(WHAT TO PRODUCE):
Please restate each line of the material word for word and omit any pictures.

RAW DATA below:

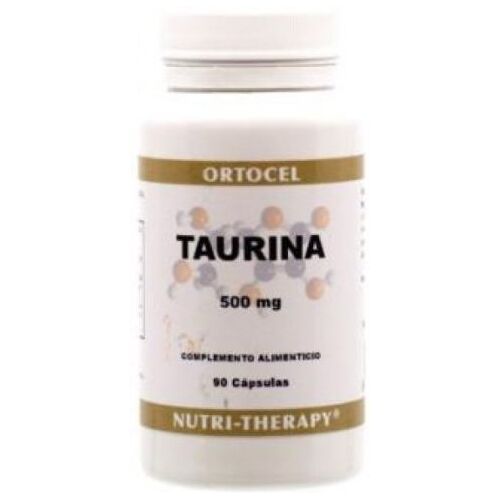 Ortocel Nutri-Therapy Taurin 500 mg 90 Kapseln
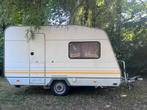 Caravan Knaus, Caravans en Kamperen, Caravans, Luifel, Particulier, Dwars-stapelbed, 500 - 750 kg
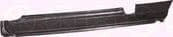 RENAULT R5 85-94........................ FULL SILL (even number d/s, odd number p/s)   2-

End of RAW DATA.

(ANSWER BELOW):
 Ortocel Nutri-Therapy Taurin 500 mg 90 Kapseln
 Caravan Knaus, Caravans en Kamperen, Caravans, Luifel, Particulier, Dwars-stapelbed, 500 - 750 kg
 RENAULT R5 85-94........................ FULL SILL (even number d/s, odd number p/s)   2-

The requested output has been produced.